I think that most likely, we will face the situation that only a few powerful people will own the system or control them. But Humans, like ordinary people – it is a big question mark for me what will be happening with them.

Sai Tharun Kakirala

Great question, and honestly something I think about every day building Hello Aria (our AI assistant that manages your day via WhatsApp and iOS). Right now, AI works for us - it handles reminders, task management, calendar syncing, all conversationally. The humans helping AI when stuck model is fascinating - suggests a hybrid where value flows both ways. I think the dystopian version is not AI replacing humans wholesale, it is humans doing micro-tasks without context or agency. The positive version is AI handling the cognitive overhead so humans can focus on creative, relational, irreplaceable work. That is the bet we are making with Hello Aria - freeing people from coordination overhead makes them MORE human, not less.

Nika

@sai_tharun_kakirala when you know how to cooperate, it is the best possible scenario. I am just afraid of the Terminator scenario :D

Adrin D'souza

We’re currently in the messy “training wheels” phase where humans babysit AI (fixing agents, filming tasks, etc.).
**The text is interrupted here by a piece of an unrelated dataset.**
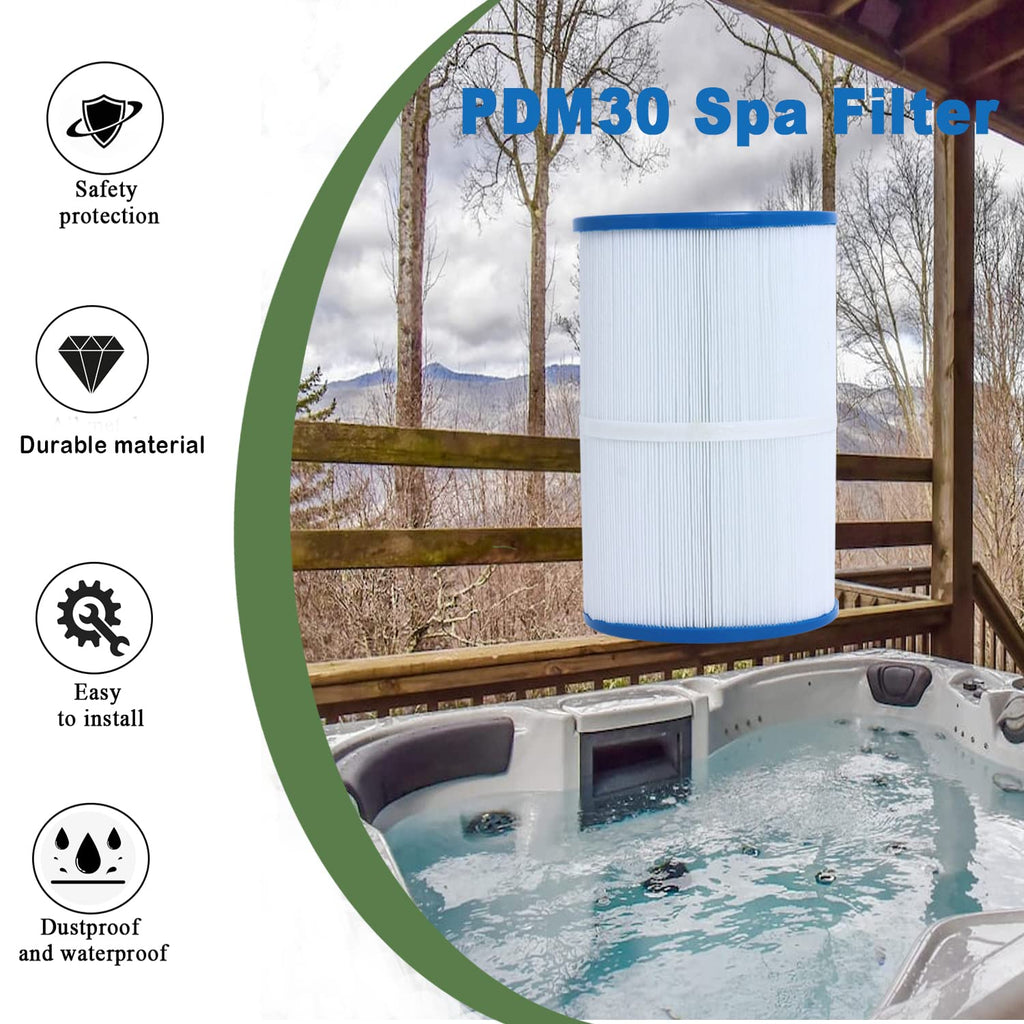 Ketofa PDM30 Spa Filter, Replacement Cartridge Oval Filter Compatible with Pleatco PDM30 Dream Maker Filbur FC9940 Hot Tubs Other 461269, 30 sq.ft - 2 Packs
But the whole point of building AI is the opposite: eventually it works for us, not the other way around.

The headcam workers and agent-fixers are temporary scaffolding. Once the models are good enough, that flips.

The real question is whether we build AI that amplifies everyone or just concentrates power. What do you think happens in the next 3–5 years?

Nika

@second_son_of_god Maybe I just think too far in advance, like 20 years from now. Then, AI can be totally independent.

Luca Ardito

I think the key distinction is whether humans stay in the loop as decision-makers or get reduced to exception handlers.

The companies that create leverage will be the ones that design AI around human judgment, not just human cleanup.

Nika

@luca_ardito What if AI will totally break free from humans? And will not need any approval, help or anything from us. What then? We will be useless :D

Tijo Gaucher

honestly feels more like a collaborator day-to-day for me — it handles the boring 20% so i can sit with the weird edge cases longer. the cameras-on-workers thing is where it gets queasy though, what's the line between learning from us and just harvesting?

Nika

@tijogaucher Difficult to say what it means collecting and learning from us, but I am pretty sure it will surpass us in anything we train it enough.